- **Your goal**: Skip the pictures and write out, word for word, the lines below from the one with "Δερματινη Θηκη Samsung" through the one with "10 Style/Set Q", inclusive.

- **Listed entries**:

■ ■ ■ ■ ■ ■ ■

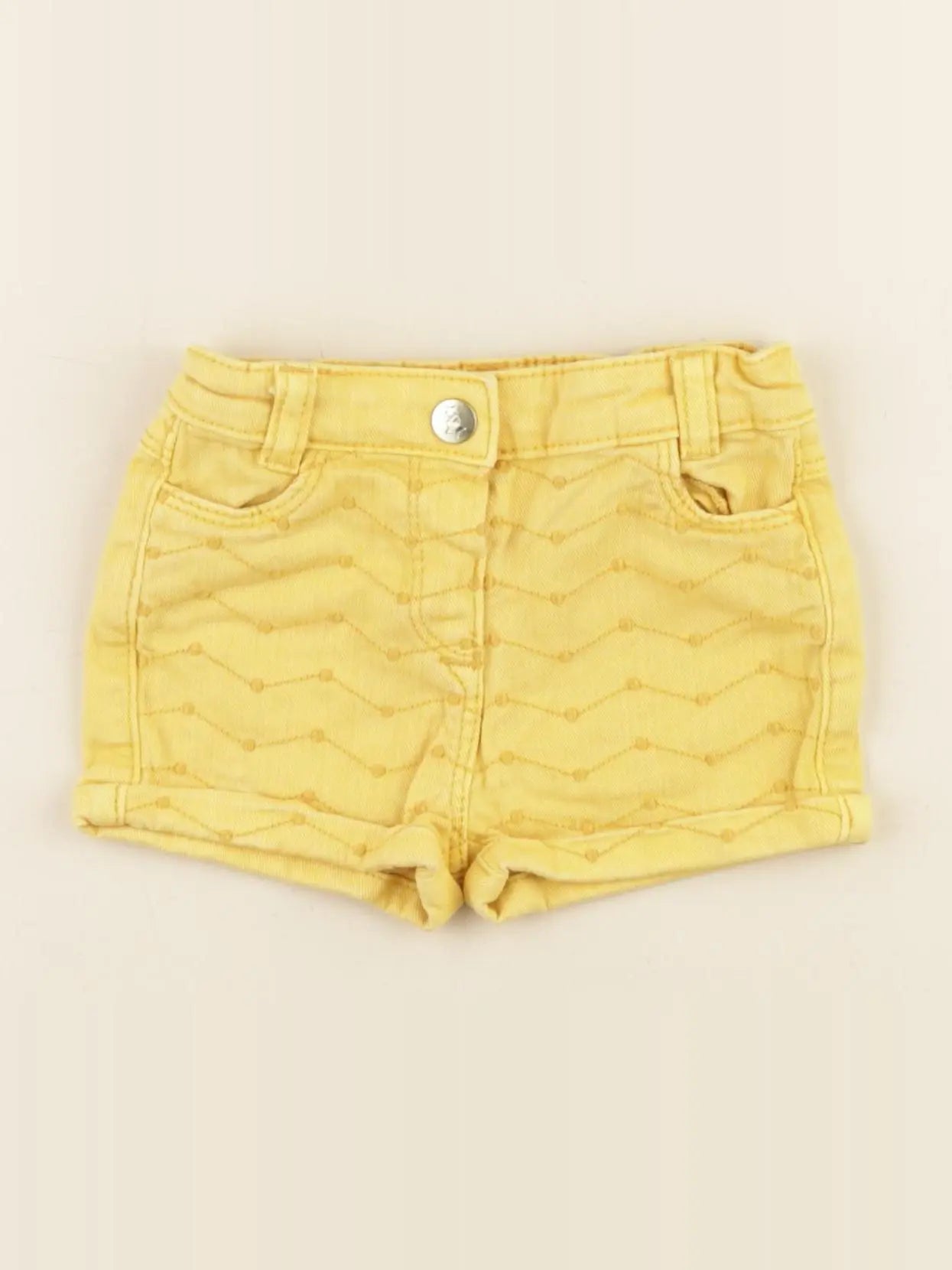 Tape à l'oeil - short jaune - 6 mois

■ ■ ■ ■ ■ ■ ■

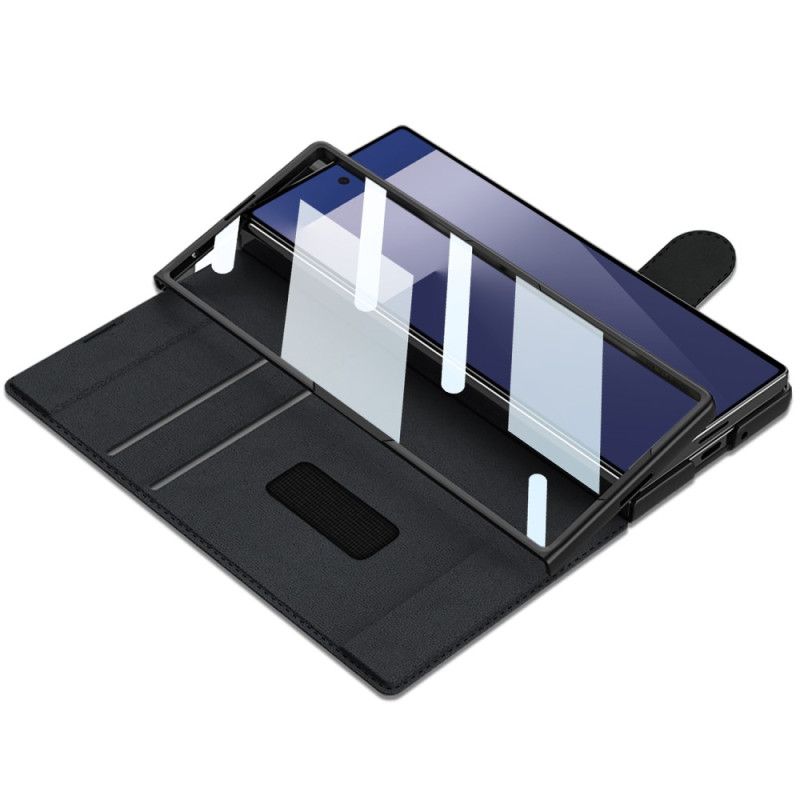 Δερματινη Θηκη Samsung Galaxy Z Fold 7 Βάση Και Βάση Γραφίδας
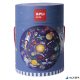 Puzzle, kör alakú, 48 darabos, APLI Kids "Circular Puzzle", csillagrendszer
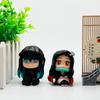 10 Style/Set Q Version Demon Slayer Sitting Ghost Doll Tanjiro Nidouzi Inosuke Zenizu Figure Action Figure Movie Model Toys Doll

■ ■ ■ ■ ■ ■ ■

- **Finished task**:
 Δερματινη Θηκη Samsung Galaxy Z Fold 7 Βάση Και Βάση Γραφίδας
 Puzzle, kör alakú, 48 darabos, APLI Kids "Circular Puzzle", csillagrendszer
 10 Style/Set Q Version Demon Slayer Sitting Ghost Doll Tanjiro Nidouzi Inosuke Zenizu Figure Action Figure Movie Model Toys Doll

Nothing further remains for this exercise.